Exercise description
Take every line from the entries below that includes the word "with" and copy it.

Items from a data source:

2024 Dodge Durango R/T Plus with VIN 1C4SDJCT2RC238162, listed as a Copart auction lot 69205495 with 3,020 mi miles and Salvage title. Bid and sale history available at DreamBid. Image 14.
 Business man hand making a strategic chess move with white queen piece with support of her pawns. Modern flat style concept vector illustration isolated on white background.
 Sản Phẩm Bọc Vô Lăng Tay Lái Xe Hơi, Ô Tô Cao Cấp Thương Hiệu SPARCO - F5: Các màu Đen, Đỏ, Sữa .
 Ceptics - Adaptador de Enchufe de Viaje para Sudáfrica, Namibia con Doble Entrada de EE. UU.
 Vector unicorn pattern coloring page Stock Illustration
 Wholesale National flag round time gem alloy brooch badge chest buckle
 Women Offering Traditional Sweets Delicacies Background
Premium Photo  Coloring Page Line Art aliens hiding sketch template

Response below
2024 Dodge Durango R/T Plus with VIN 1C4SDJCT2RC238162, listed as a Copart auction lot 69205495 with 3,020 mi miles and Salvage title. Bid and sale history available at DreamBid. Image 14.
 Business man hand making a strategic chess move with white queen piece with support of her pawns. Modern flat style concept vector illustration isolated on white background.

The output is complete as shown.